*** Raw data ***
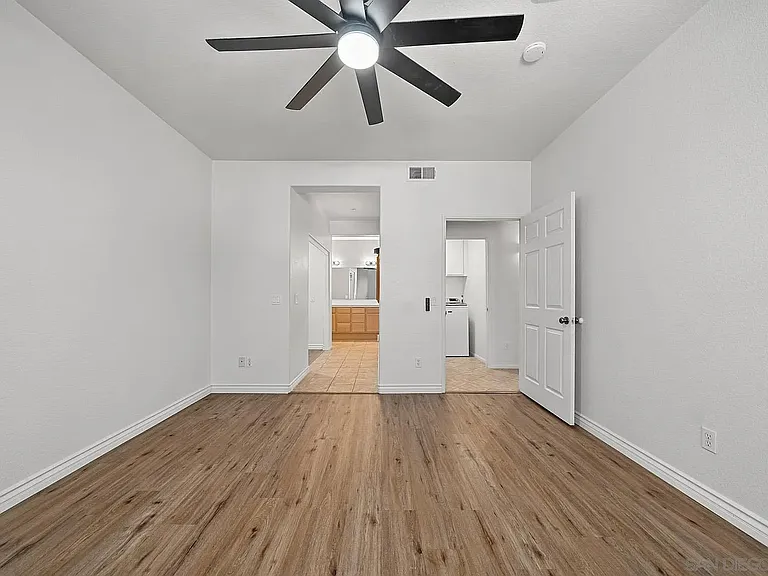 1st bedroom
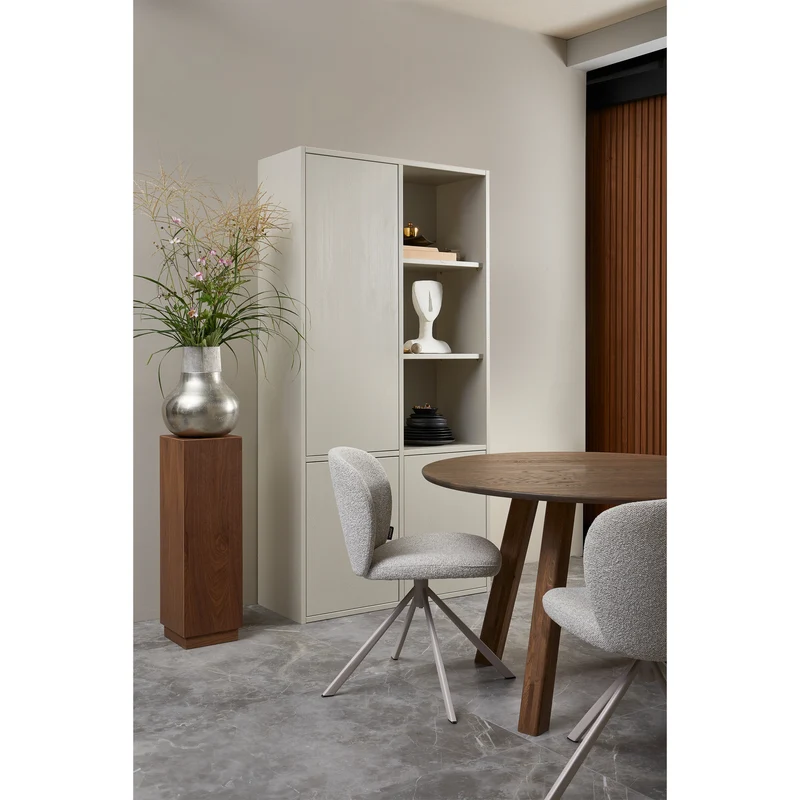 Merel ablageschrank kiefer dust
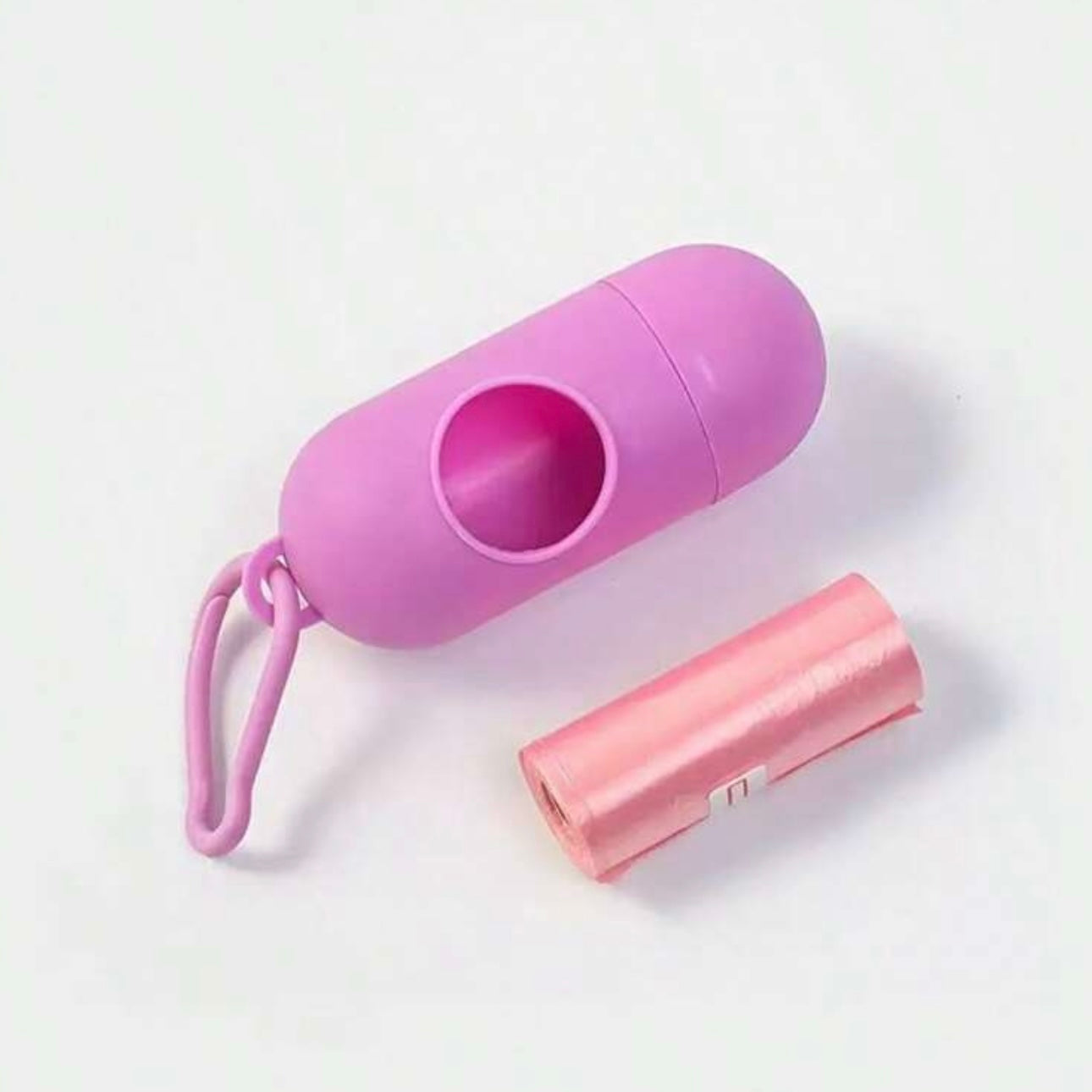 Yoinkin Dog Waste Bag Dispenser Capsule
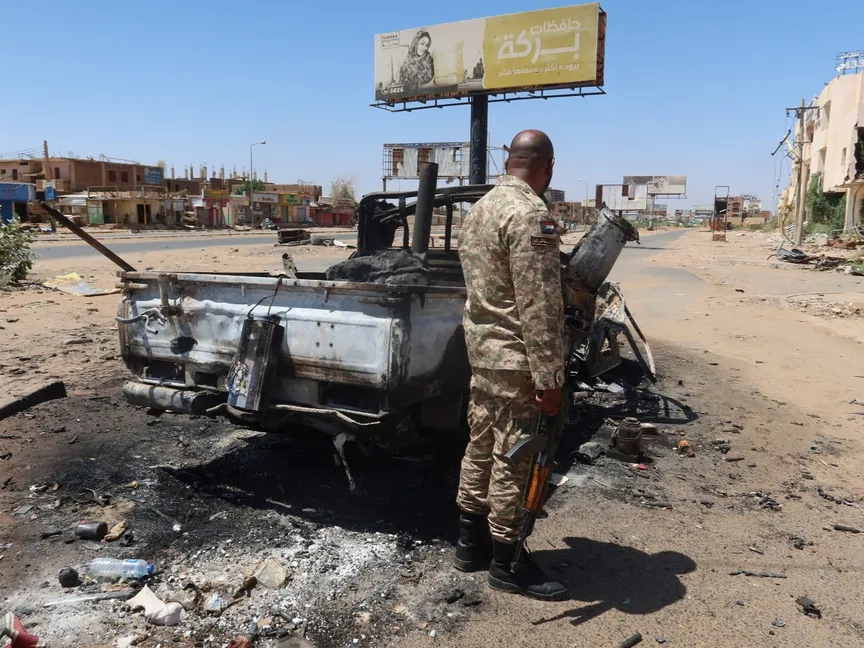 بين التصعيد العسكري والمأساة الإنسانية.. غرب السودان على صفيح ساخن
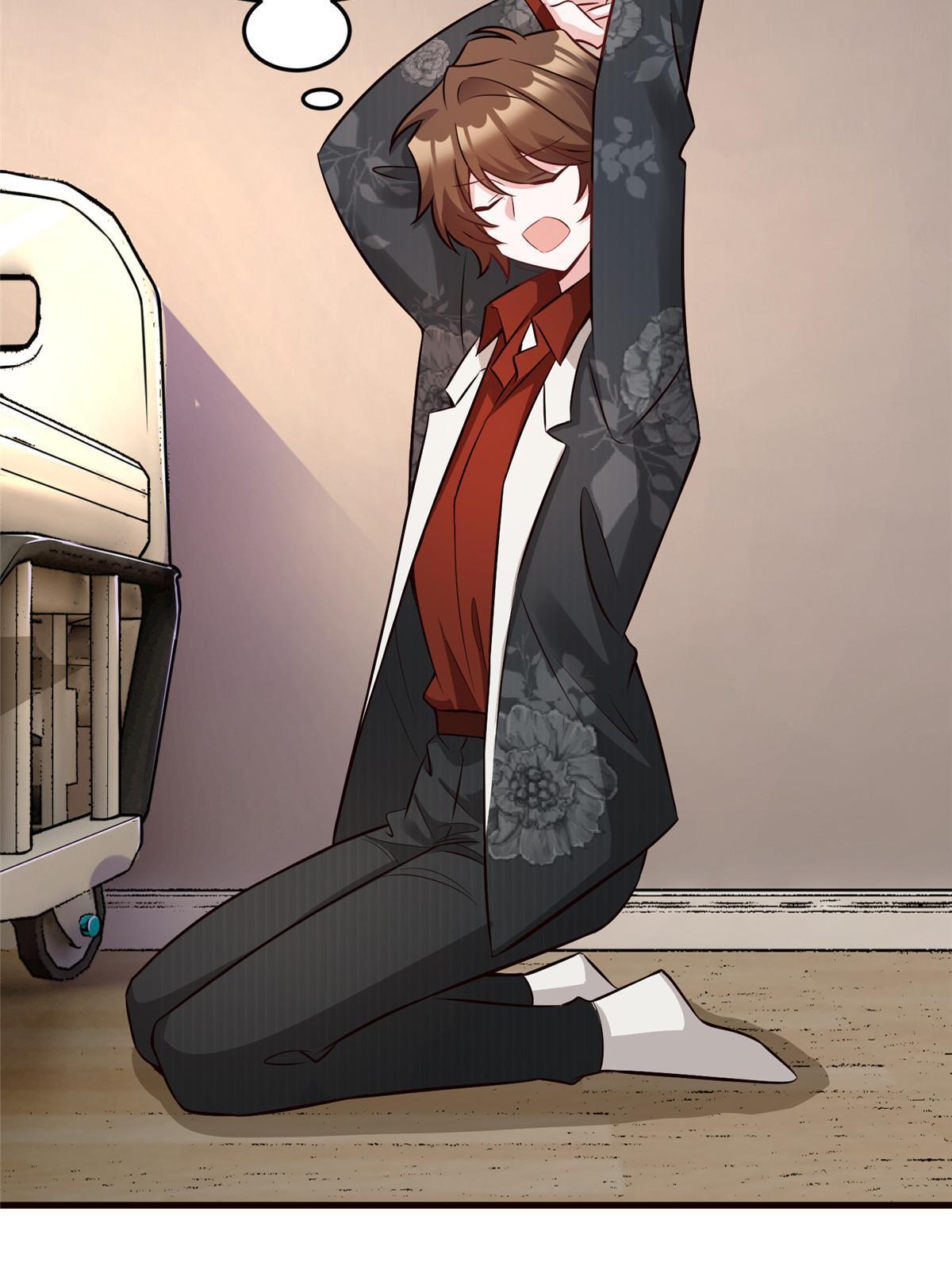 神秘枕邊人：boss，借個運 - 108 小蔥懷孕了！(1/2) - 6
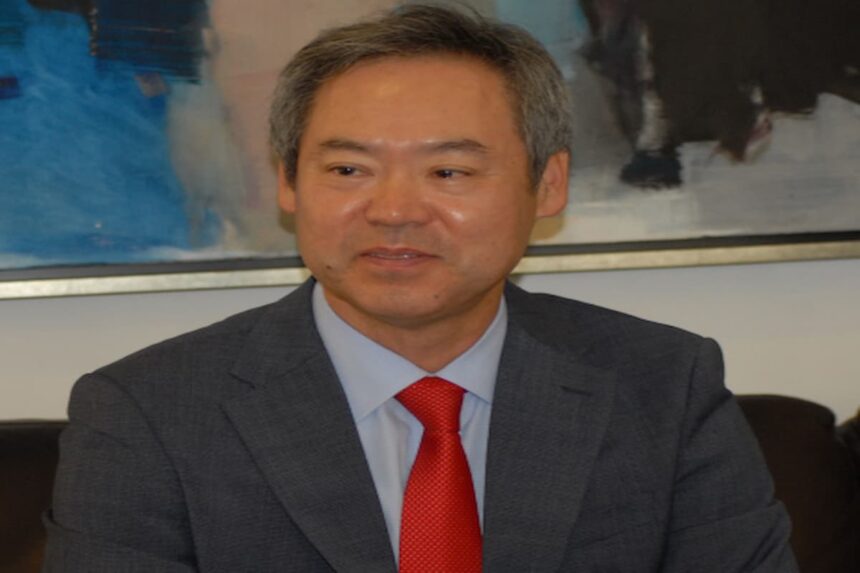 SUN Nahmkook, ambassadeur de la République de Corée en Tunisie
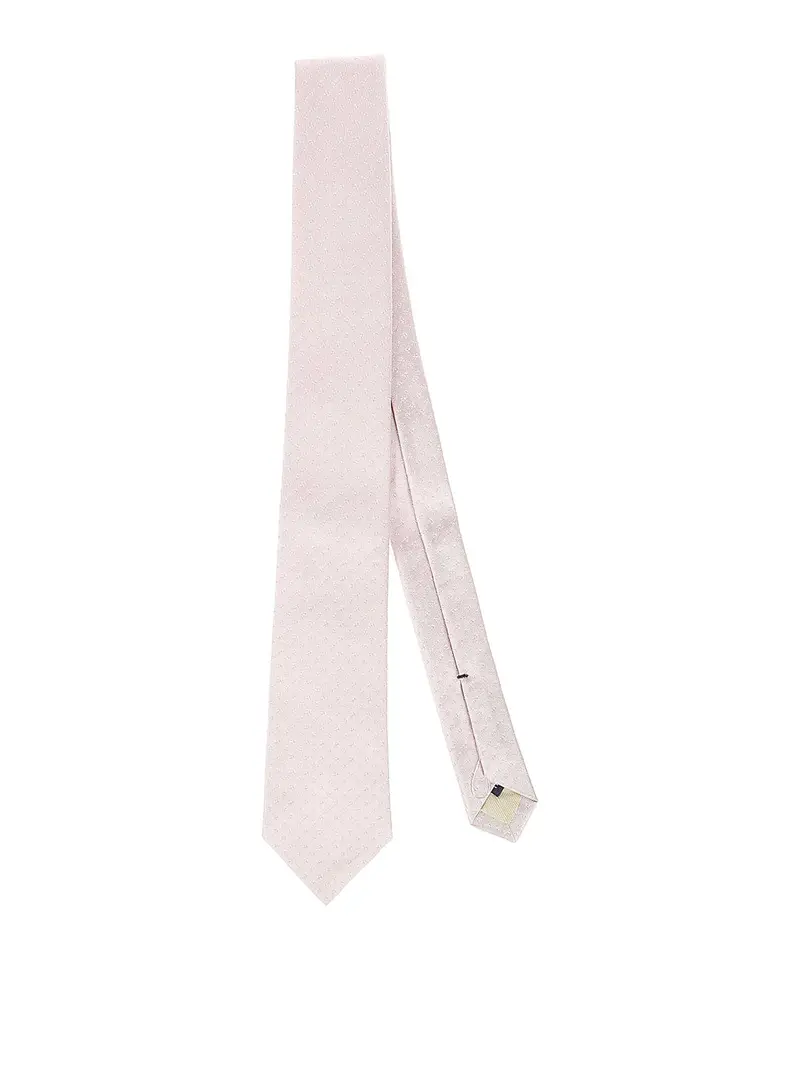 Cravatta Grigio Chiaro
*** End of Raw data ***
● What to work on: Give back the records above word for word, minus any image they hold.

● Solution below:
 1st bedroom
 Merel ablageschrank kiefer dust
 Yoinkin Dog Waste Bag Dispenser Capsule
 بين التصعيد العسكري والمأساة الإنسانية.. غرب السودان على صفيح ساخن
 神秘枕邊人：boss，借個運 - 108 小蔥懷孕了！(1/2) - 6
 SUN Nahmkook, ambassadeur de la République de Corée en Tunisie
 Cravatta Grigio Chiaro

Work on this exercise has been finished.